23. Jealousy

5.4K 1.2K 463
                                    

"Nggak boleh!"

Bunda langsung memelotot saat aku izin mau makan di luar sama teman. Kalau cuma makan di luar, biasanya Bunda nggak bertanya lebih lanjut siapa teman yang kumaksud, jadi aku nggak perlu menceritakan soal Mas Arion.

"Ini tempat ramen yang katanya enak banget, Bun! Tiap meja ada sekatnya, jadi nggak berkerumunan!"

Kemudian aku mendekati Bunda, menyodorkan Whatsapp yang menampakkan chat bersama admin restoran. "Nih, aku udah reservasi tempatnya, jadi bisa langsung dapet tempat, nggak pakai waiting list dan kemungkinan ketemu orang juga makin dikit."

Alih-alih menatap layar ponselku, Bunda malah mencibir. "Gaya banget kamu, pakai reservasi segala!"
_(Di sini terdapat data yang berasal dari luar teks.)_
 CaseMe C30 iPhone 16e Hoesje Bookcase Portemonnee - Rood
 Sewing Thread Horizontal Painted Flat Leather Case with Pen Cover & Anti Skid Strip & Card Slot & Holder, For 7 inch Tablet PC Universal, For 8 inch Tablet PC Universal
"Ya soalnya ini kebijakan khusus pas PSBB, Bun! Mereka protokol kesehatannya ketat banget!" sahutku. "Aku udah suntuk banget di rumah aja tiga minggu. Mau refreshing bentar!"

Butuh akting lebih bagus untuk membujuk Bunda agar mau mendengarkan isi hatiku. Untung saja aku sudah ahli dalam hal ini. "Aku udah ngerjain semua tugas minggu ini. Udah nyetrika baju segunung, udah--"

"Jam lima udah harus sampai rumah!"

Senyumku langsung mengembang. Memang Bunda tuh pada dasarnya mudah dibujuk kalau urusan sepele begini. Kecuali kalau menginap, itu masih menjadi masalah serius yang belum bisa kupecahkan.

"Siap, laksanakan!" seruku girang.

Kalau hari biasa, pasti aku bakal protes karena dibatasi sampai pukul segitu aja. Namun, dengan kondisi seperti sekarang, dibolehin keluar saja sudah bersyukur banget. Lagi pula rencana kami cuma mau makan ramen.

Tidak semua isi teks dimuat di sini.